5. Solidifying Your Budget
Once you’ve analyzed your expenses, it’s time for you to lock in your budget for the upcoming year. You should go in with an understanding of what you’ve accomplished in previous periods, what you spent in those periods and what you hope to achieve moving forward.
Maybe you’re coming into the end of the year, and you know you want to reach a certain level of growth. If that’s the case, you should calculate how much more budget you need to allocate to realize that performance.
You should also consider which tactics you need to invest in. Ask yourself, “How are we going to reach our marketing revenue goal?” You might say, “If we continue to see consistent growth in organic and social and the contacts we generate from those channels close at the same rate, we’re going to miss our goal by this much. So, where are we going to invest to make up the difference?”
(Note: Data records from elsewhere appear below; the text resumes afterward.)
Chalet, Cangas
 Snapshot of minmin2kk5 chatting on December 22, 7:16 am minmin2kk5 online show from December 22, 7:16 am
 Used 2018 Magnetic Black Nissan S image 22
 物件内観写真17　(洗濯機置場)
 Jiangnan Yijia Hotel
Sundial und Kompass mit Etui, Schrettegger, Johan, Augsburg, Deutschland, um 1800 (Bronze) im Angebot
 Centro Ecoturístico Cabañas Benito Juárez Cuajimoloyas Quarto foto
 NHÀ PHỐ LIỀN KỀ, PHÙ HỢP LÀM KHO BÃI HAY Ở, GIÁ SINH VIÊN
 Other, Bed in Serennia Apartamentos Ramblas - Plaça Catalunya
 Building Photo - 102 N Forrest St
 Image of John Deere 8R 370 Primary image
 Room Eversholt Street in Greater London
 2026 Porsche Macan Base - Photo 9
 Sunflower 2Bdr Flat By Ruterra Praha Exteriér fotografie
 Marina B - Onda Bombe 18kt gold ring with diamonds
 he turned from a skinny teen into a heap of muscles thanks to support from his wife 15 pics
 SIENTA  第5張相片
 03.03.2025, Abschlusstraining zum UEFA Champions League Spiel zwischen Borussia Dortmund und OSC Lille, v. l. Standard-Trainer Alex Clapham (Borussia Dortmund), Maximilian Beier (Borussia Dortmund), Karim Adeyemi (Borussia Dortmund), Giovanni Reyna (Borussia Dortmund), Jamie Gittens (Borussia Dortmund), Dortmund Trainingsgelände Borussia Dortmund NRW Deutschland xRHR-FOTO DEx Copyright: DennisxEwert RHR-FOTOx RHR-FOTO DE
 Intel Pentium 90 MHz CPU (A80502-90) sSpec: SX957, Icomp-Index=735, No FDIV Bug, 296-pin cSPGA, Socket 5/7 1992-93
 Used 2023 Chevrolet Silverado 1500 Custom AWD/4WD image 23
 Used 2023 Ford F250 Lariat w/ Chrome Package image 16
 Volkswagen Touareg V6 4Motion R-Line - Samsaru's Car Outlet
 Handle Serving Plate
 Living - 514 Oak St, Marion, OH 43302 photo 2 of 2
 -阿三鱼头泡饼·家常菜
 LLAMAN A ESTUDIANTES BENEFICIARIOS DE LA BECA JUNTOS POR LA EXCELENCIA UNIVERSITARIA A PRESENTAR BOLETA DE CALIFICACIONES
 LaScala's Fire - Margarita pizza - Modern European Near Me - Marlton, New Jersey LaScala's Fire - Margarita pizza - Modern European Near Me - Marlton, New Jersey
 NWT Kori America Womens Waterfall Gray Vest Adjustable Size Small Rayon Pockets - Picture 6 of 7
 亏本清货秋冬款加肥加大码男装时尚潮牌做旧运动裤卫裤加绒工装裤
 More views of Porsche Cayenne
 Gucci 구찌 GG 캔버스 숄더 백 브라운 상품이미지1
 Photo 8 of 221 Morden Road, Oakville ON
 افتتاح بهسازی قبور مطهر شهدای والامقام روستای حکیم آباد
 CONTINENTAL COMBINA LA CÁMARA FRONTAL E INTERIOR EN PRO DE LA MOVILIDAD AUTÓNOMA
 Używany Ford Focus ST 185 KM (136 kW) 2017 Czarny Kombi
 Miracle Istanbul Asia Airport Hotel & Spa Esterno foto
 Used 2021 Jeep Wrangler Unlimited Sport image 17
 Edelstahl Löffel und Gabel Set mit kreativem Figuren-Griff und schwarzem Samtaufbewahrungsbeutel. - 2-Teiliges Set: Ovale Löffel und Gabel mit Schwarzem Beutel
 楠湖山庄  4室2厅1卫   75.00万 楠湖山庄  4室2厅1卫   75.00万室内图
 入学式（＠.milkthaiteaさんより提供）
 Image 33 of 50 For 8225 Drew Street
Here, it’s important to keep in mind that not all leads should be treated equally. The leads you get from one source may be better and close at a higher rate than leads from other sources. While certain channels may be efficient at generating leads, those leads may not be of the highest quality and vice versa.
When choosing where to invest, factor in the quality of the leads, their close rate and their average deal size. Ultimately, you need to consider which channels will generate customers, revenue and the most success for your company.
6. Monitoring Your Results
Once you’ve put your budget together, you need to monitor how you are tracking towards it. Here at New Breed, we evaluate our results every quarter, investigating if anything is throwing us off track.
Ask yourself questions like:
- Are we under or over budget?
- Are we hitting our goals?
- Are our channels underperforming or outperforming our expectations?
- Are there any unforeseen projects that need funding?
- Do we need to add budget on top of what we’ve already planned or can we reallocate?
There are plenty of situations that will be unforeseen throughout the year. These situations can vary greatly. They could be problems or opportunities, internal or external and condensed projects or extended ordeals.
No matter the circumstances, though, issues will arise. So, you should monitor your spending and conservatively craft your budget.
If you’re in charge of building your budget, it’s in your best interest to give yourself room to work with. Of course, it would be ridiculous to ask for money for the sake of it, but if you are calculated about how that money will go to good use, there’s no reason you shouldn’t ask for it.
However, bear in mind that the more you ask for, the more results you will be expected to produce.
In this way, you should think about your budget as a means to build a business case for getting more budget next year. If you ask for so much money that you can’t effectively use it or that you end up misspending it, you won’t be able to justify why you need it in the future. If you fail to utilize your budget constructively, leadership will probably opt to allocate the budget to a less risky area.
However, if you can analyze where your budget has gone, understand how it’s performed and predict where you need to invest to generate results moving forward, you will mitigate the risk of asking for more and position yourself for success.